TASK INPUT:
BEGIN
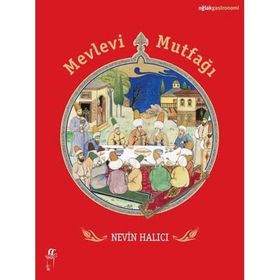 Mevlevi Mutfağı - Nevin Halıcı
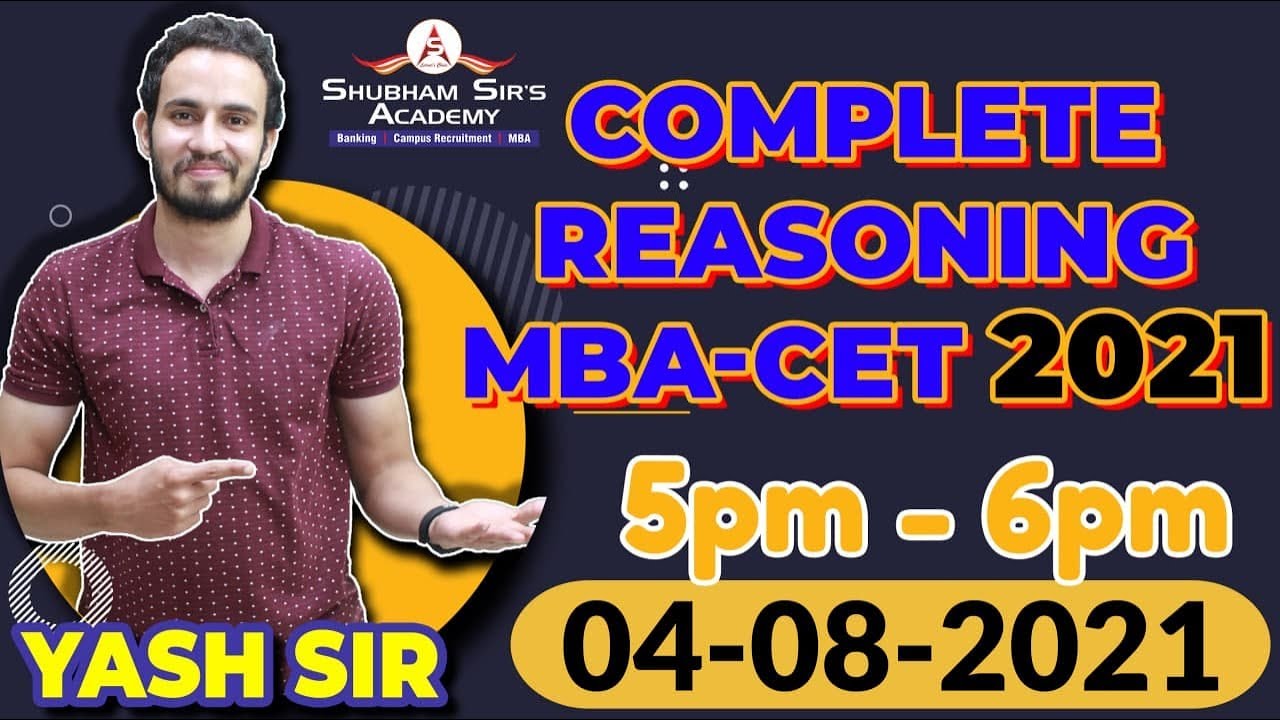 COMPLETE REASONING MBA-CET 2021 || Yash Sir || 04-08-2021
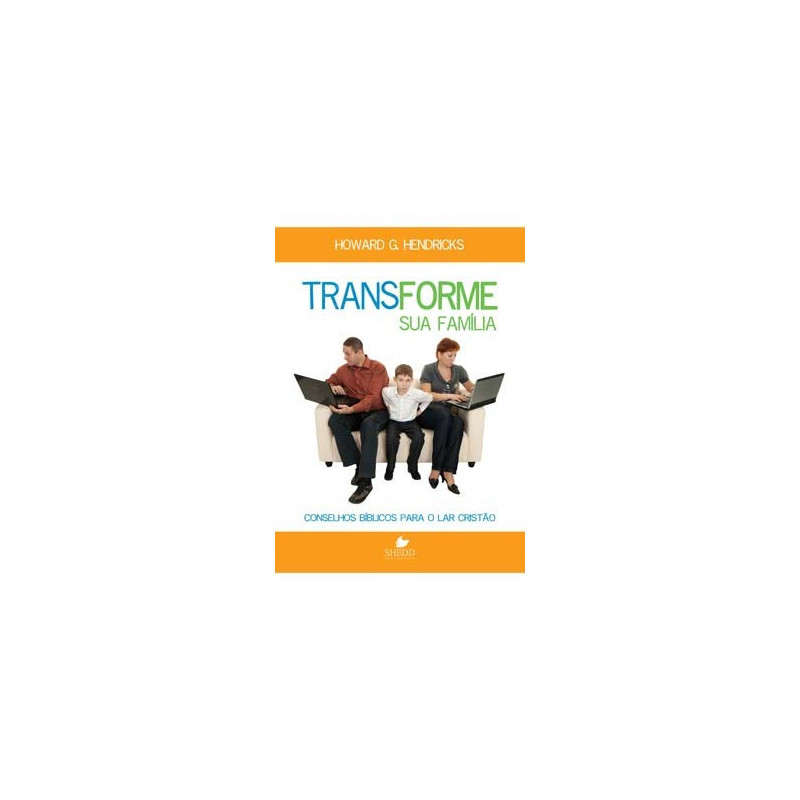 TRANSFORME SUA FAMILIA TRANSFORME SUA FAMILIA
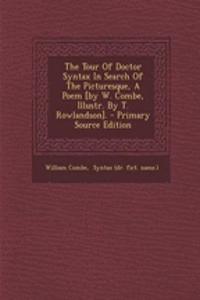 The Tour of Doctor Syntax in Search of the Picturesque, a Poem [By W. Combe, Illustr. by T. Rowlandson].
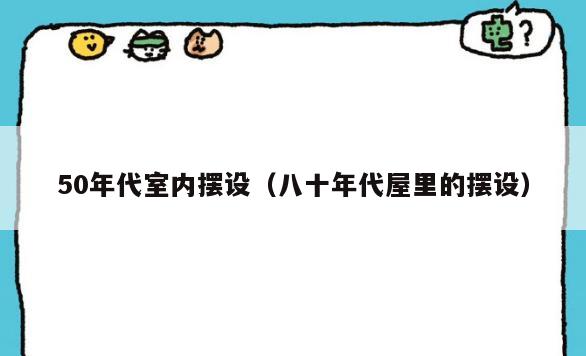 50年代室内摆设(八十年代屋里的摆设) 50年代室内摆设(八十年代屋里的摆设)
END
BEGIN
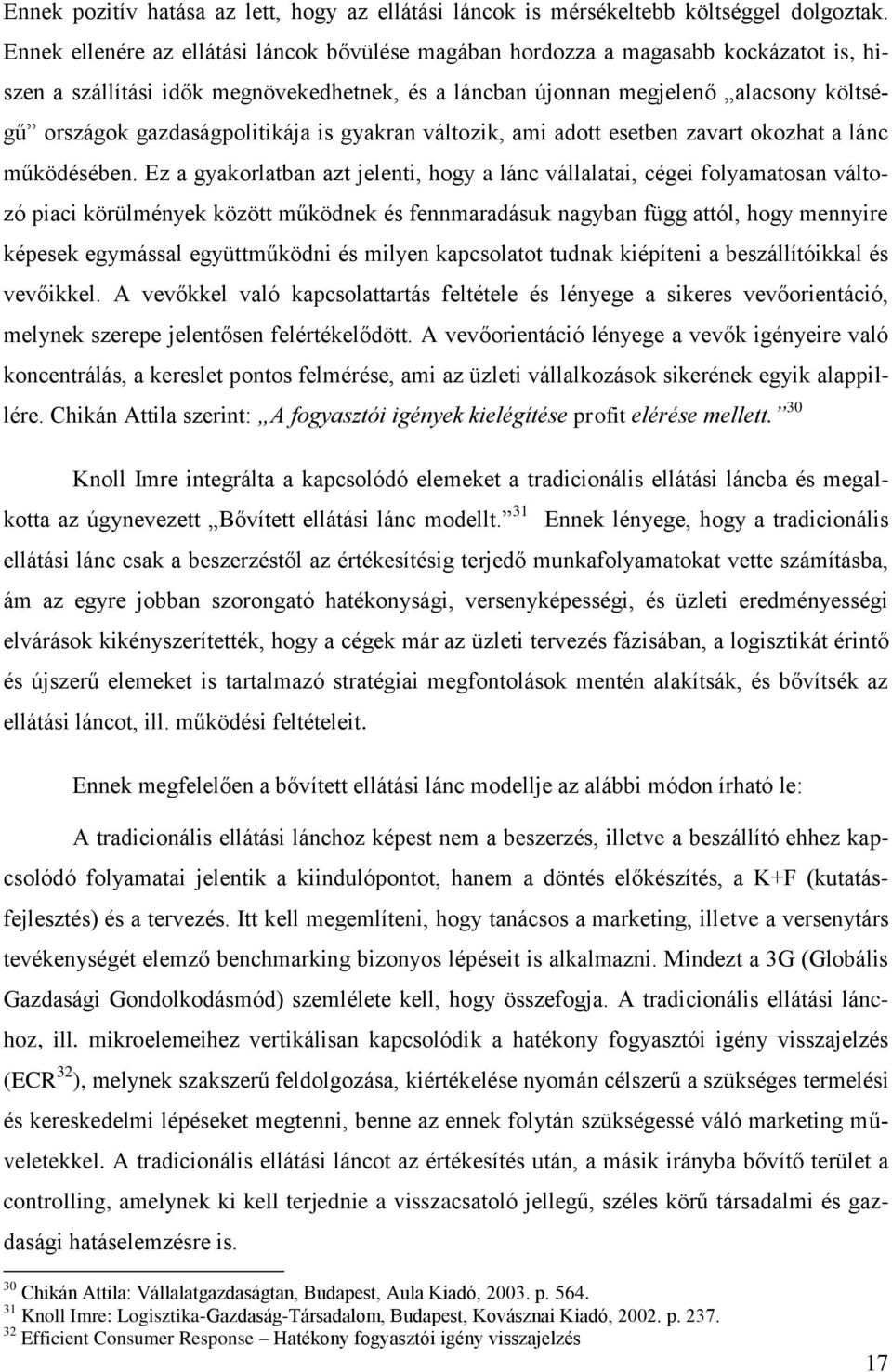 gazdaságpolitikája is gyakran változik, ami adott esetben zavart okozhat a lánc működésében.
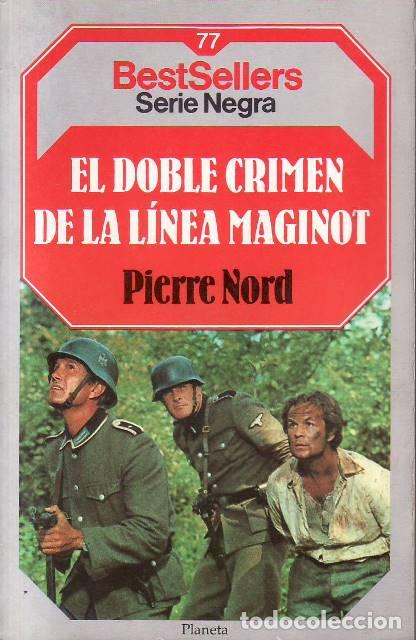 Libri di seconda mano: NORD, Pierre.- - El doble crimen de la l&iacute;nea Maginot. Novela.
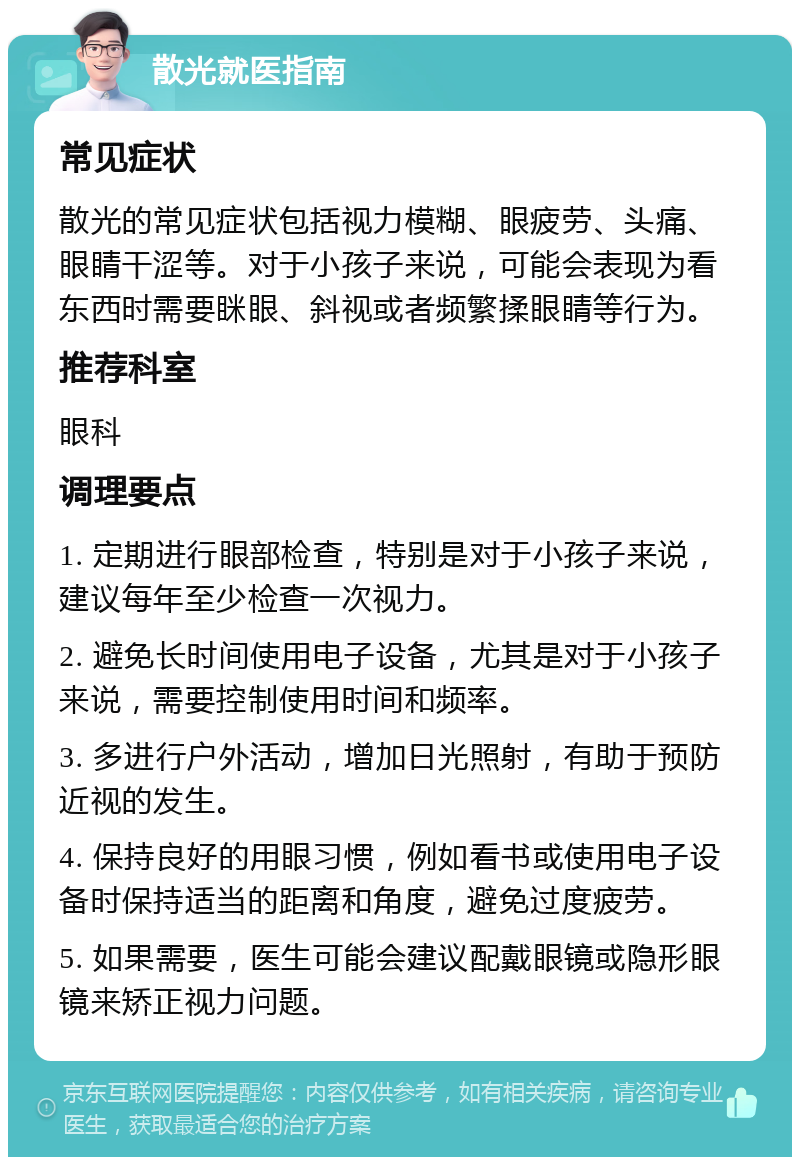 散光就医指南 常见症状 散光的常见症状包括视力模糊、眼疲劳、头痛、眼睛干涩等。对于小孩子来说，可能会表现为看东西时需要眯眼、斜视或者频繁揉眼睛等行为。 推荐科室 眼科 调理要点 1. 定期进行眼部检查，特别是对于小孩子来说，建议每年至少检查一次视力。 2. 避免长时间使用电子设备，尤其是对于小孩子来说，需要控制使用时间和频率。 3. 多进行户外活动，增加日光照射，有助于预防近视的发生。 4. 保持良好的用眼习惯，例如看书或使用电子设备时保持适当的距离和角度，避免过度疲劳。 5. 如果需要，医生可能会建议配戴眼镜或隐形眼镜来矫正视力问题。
END
BEGIN
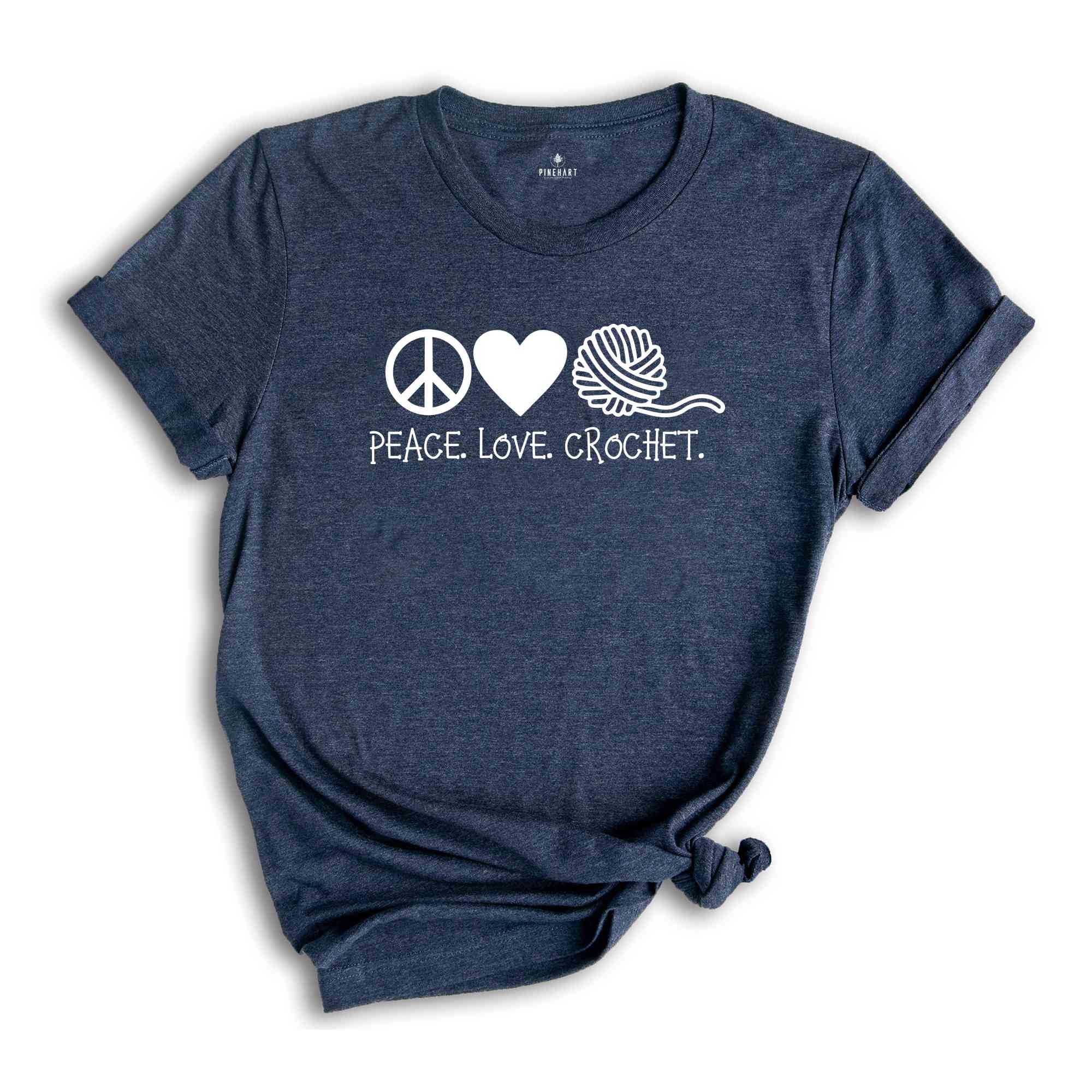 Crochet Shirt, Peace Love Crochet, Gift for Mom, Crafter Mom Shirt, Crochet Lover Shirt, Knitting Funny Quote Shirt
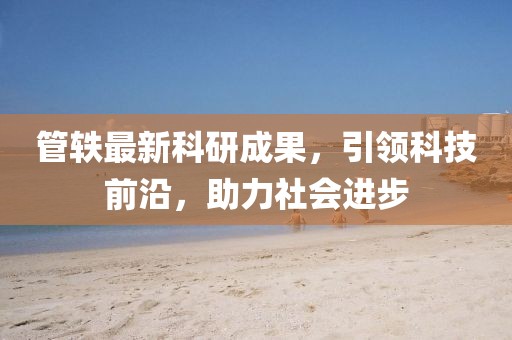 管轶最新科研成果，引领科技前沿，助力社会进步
END
WHAT YOU NEED TO DO: Give again the stretch of lines above from the one with "Mevlevi Mutfağı - Nevin Halıcı" through the one with "50年代室内摆设(八十年代屋里的摆设) 50年代室内摆设(八十年代屋里的摆设)", both ends kept, and copy no pictures.

ANSWER SPACE:
 Mevlevi Mutfağı - Nevin Halıcı
 COMPLETE REASONING MBA-CET 2021 || Yash Sir || 04-08-2021
 TRANSFORME SUA FAMILIA TRANSFORME SUA FAMILIA
 The Tour of Doctor Syntax in Search of the Picturesque, a Poem [By W. Combe, Illustr. by T. Rowlandson].
 50年代室内摆设(八十年代屋里的摆设) 50年代室内摆设(八十年代屋里的摆设)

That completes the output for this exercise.